来源:http://www.ros.org/wiki/kinect_calibration/technical
中文版:http://translate.google.com.hk/translate?hl=en&ie=UTF8&prev=_t&sl=en&tl=zh-CN&u=http://www.ros.org/wiki/kinect_calibration/technical%23Imager_and_projector_placement
Description: Technical aspects of the Kinect device and its calibration
Authors: Kurt Konolige, Patrick Mihelich
Contents
The Kinect device has two cameras and one laser-based IR projector. The figure below shows their placement on the device. Each lens is associated with a camera or a projector.
This image is provided by iFixit.
All the calibrations done below are based on IR and RGB images of chessboard patterns, using OpenCV's calibration routines. See the calibration tutorial for how to get these images.
Note: this is the authors' best guess at the depth calculation method, based on examining the output of the device and the calibration algorithms we developed. |
The IR camera and the IR projector form a stereo pair with a baseline of approximately 7.5 cm. The IR projector sends out a fixed pattern of light and dark speckles, shown below. The pattern is generated from a set of diffraction gratings, with special care to lessen the effect of zero-order propagation of a center bright dot (see the PrimeSense patent).
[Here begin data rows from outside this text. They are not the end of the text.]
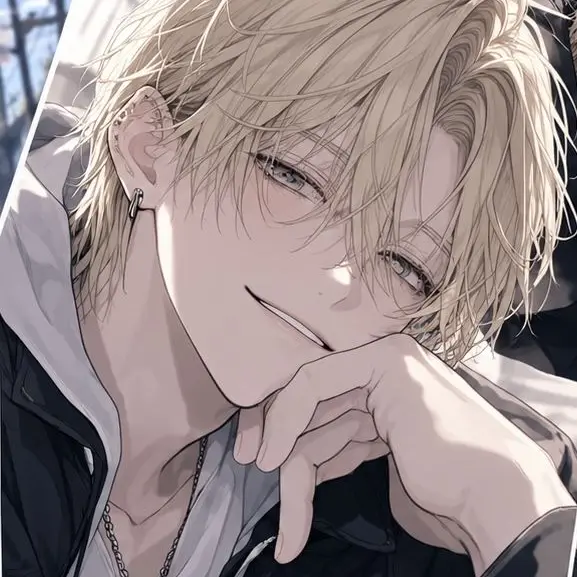 inu1710의 5 Years Unnoticed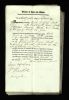 Somerset, England, Marriage Registers, Bonds and Allegations, 1754-1914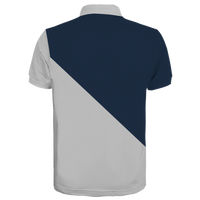 Custom Polo Shirt - Ralph (PS54)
Depth is calculated by triangulation against a known pattern from the projector. The pattern is memorized at a known depth. For a new image, we want to calculate the depth at each pixel. For each pixel in the IR image, a small correlation window (9x9 or 9x7, see below) is used to compare the local pattern at that pixel with the memorized pattern at that pixel and 64 neighboring pixels in a horizontal window (see below for how we estimate the 64-pixel search). The best match gives an offset from the known depth, in terms of pixels: this is called disparity. The Kinect device performs a further interpolation of the best match to get sub-pixel accuracy of 1/8 pixel (again, see below for how this is estimated). Given the known depth of the memorized plane, and the disparity, an estimated depth for each pixel can be calculated by triangulation.
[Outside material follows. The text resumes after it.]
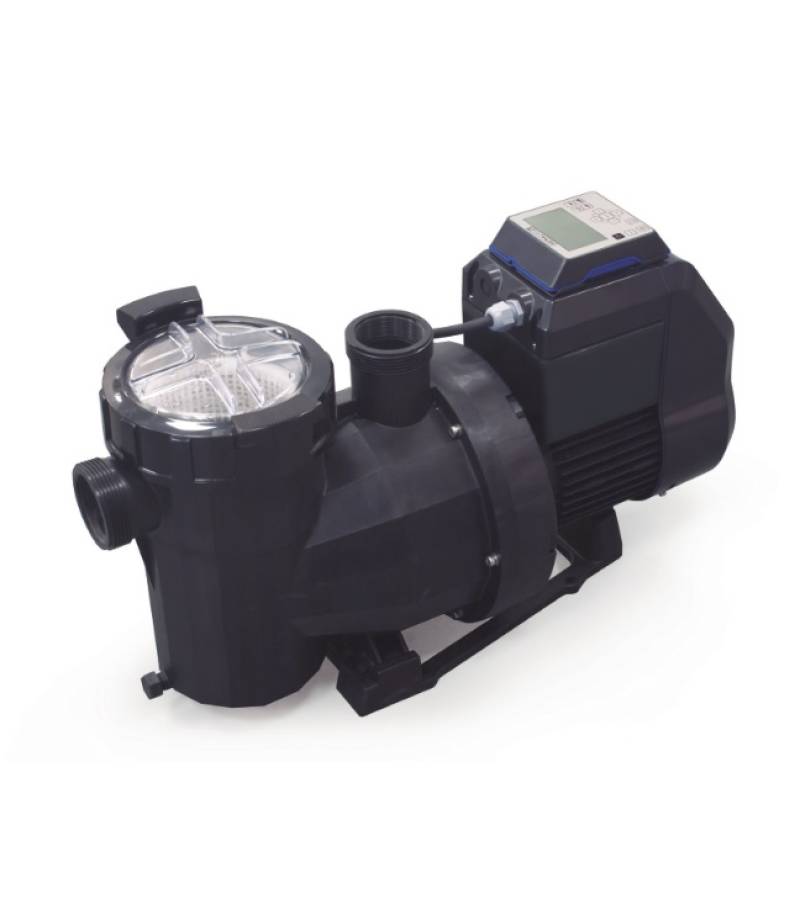Pompa cu viteza variabila 20mc/h 1.1kW Victoria Plus Silent VS-AstralPool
For a normal stereo system, the cameras are calibrated so that the rectified images are parallel and have corresponding horizontal lines. In this case, the relationship between disparity and depth is given by:
z = b*f / d,
where z is the depth (in meters), b is the horizontal baseline between the cameras (in meters), f is the (common) focal length of the cameras (in pixels), and d is the disparity (in pixels). At zero disparity, the rays from each camera are parallel, and the depth is infinite. Larger values for the disparity mean shorter distances.
The Kinect returns a raw disparity that is not normalized in this way, that is, a zero Kinect disparity does not correspond to infinite distance. The Kinect disparity is related to a normalized disparity by the relation
d = 1/8 * (doff - kd),
where d is a normalized disparity, kd is the Kinect disparity, and doff is an offset value particular to a given Kinect device. The factor 1/8 appears because the values of kd are in 1/8 pixel units.
A monocular calibration of the IR camera finds the focal length, distortion parameters, and lens center of the camera (see Section 4 below). It also provides estimates for the 3D position of the chessboard target corners. From these, the measured projections of the corners in the IR image, and the corresponding raw disparity values, we do a least-square fit to the equation
z = b*f / (1/8 * (doff - kd))
to find b and doff. The value for b is always about 7.5 cm, which is consistent with the measured distance between the IR and projector lenses. doff is typically around 1090.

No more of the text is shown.